### WORK TO BE COMPLETED:
Starting with the line that holds "Love for Sale", reproduce each line through the last one of the data, exactly as written. Pictures are not copied.

### RECORDS SUPPLIED:
* * *

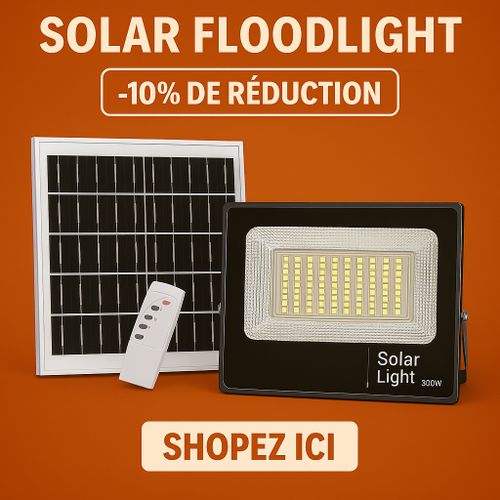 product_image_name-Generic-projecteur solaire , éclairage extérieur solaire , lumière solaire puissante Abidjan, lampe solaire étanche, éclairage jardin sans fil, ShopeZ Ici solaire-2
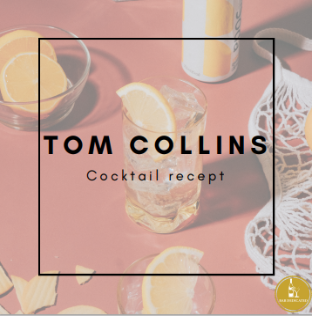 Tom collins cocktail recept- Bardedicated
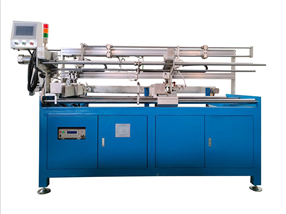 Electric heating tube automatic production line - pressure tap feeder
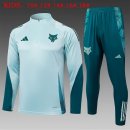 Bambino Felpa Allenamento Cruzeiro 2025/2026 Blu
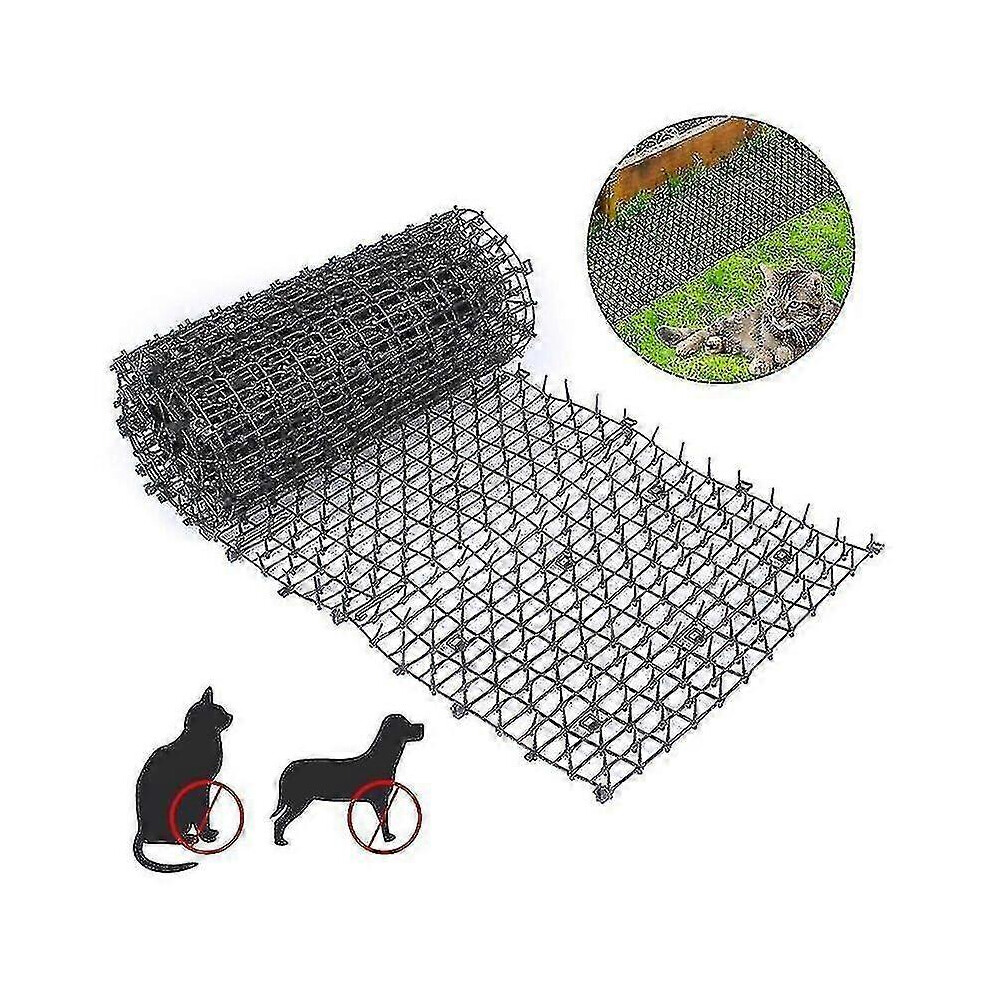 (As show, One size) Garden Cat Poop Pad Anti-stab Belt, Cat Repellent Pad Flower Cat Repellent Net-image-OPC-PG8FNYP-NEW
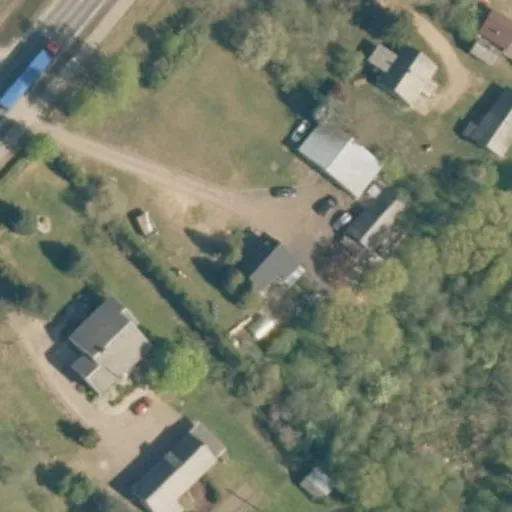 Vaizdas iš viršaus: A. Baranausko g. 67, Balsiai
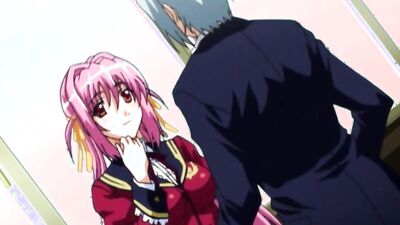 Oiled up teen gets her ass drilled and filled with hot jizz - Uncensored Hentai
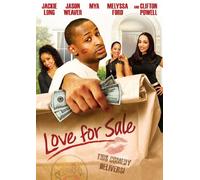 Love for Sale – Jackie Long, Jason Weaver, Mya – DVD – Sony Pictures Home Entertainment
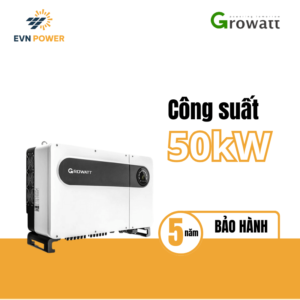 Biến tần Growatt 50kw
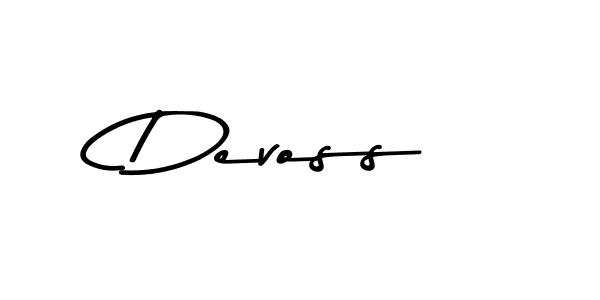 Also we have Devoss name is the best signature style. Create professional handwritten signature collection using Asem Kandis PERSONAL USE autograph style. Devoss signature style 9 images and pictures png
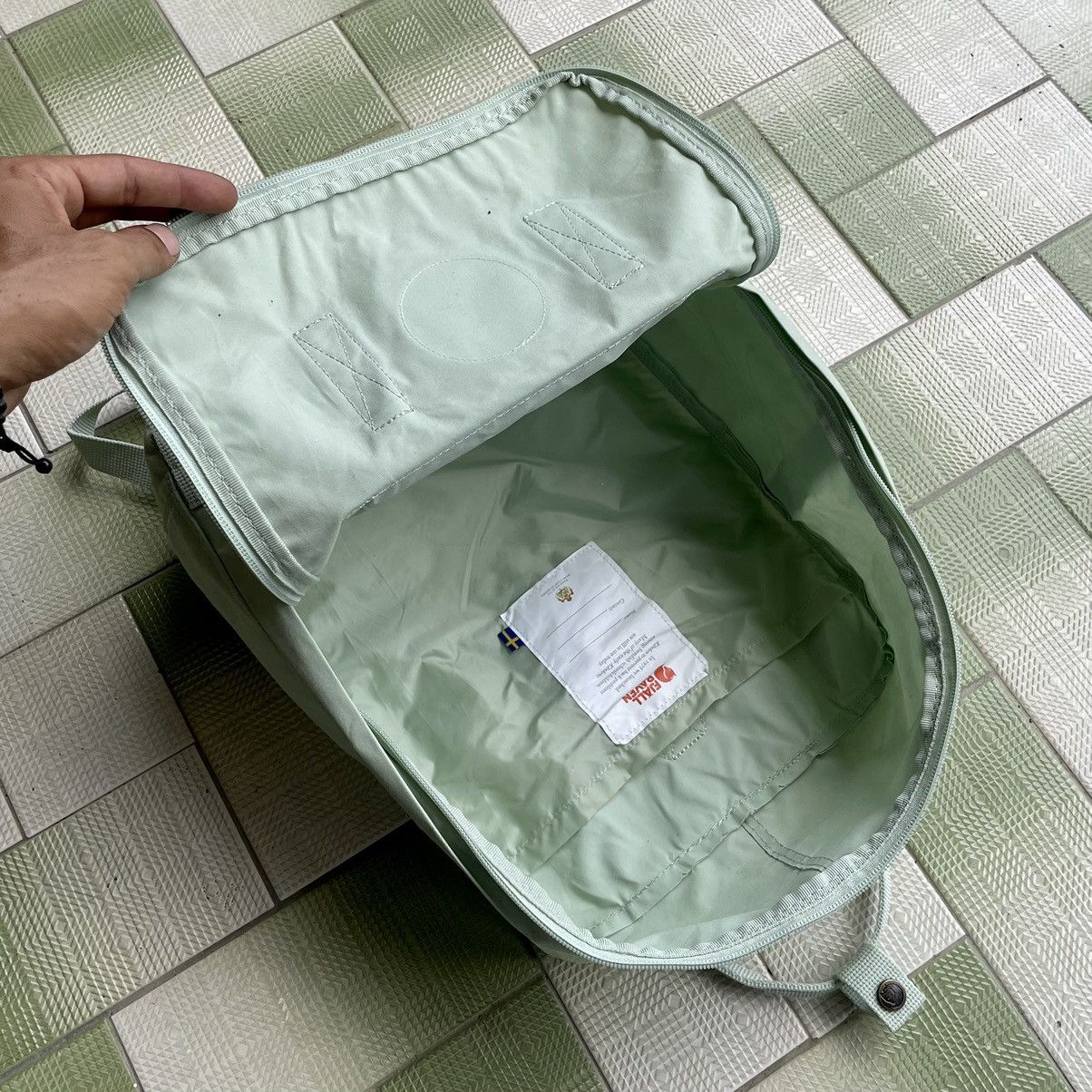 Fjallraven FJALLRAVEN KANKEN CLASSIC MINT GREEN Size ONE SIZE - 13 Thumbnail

* * *

### ANSWER TO THE EXERCISE:
 Love for Sale – Jackie Long, Jason Weaver, Mya – DVD – Sony Pictures Home Entertainment
 Biến tần Growatt 50kw
 Also we have Devoss name is the best signature style. Create professional handwritten signature collection using Asem Kandis PERSONAL USE autograph style. Devoss signature style 9 images and pictures png
 Fjallraven FJALLRAVEN KANKEN CLASSIC MINT GREEN Size ONE SIZE - 13 Thumbnail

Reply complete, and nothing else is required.